* [WORK INSTRUCTIONS] Look below for the line that has "Screenshot of Gofer"; output exactly from it through the line that has "vidaXL Adjustable Floor", and leave the pictures out.

* [SOURCE DATA]
=== Section Start ===
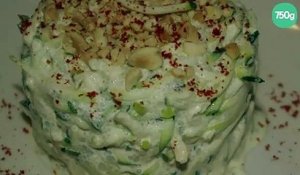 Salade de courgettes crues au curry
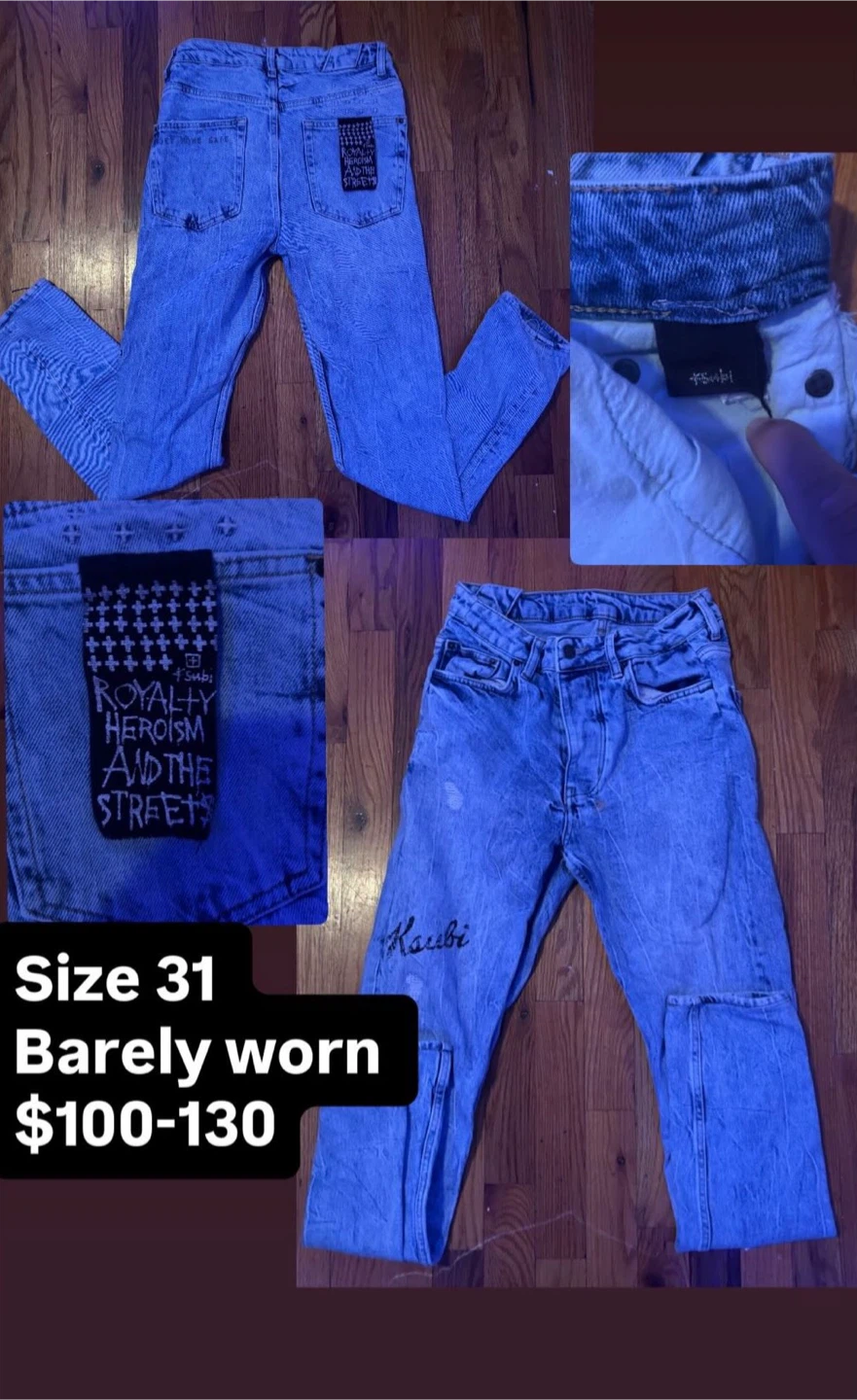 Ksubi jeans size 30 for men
=== Section End ===
=== Section Start ===
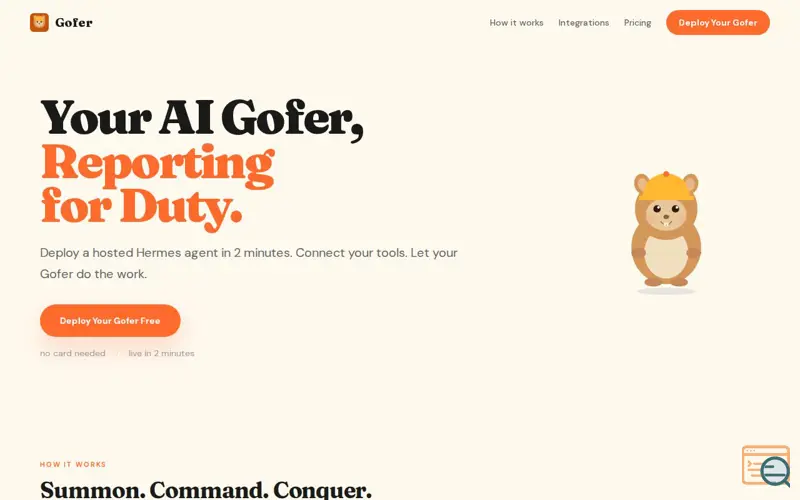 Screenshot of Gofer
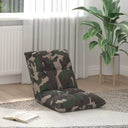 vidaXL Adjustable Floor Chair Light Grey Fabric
=== Section End ===
=== Section Start ===
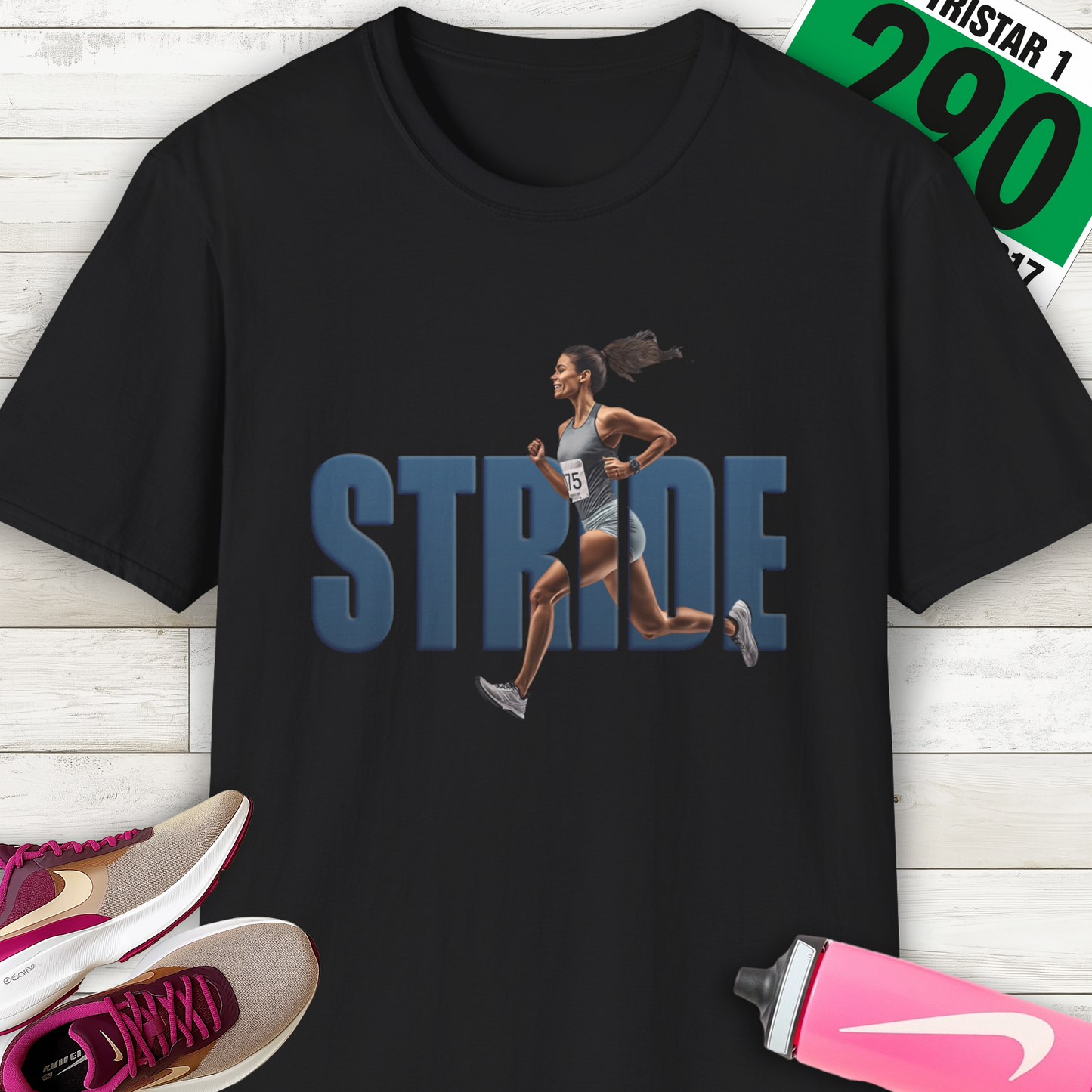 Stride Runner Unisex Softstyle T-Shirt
=== Section End ===
* [ANSWER SPACE]
 Screenshot of Gofer
 vidaXL Adjustable Floor Chair Light Grey Fabric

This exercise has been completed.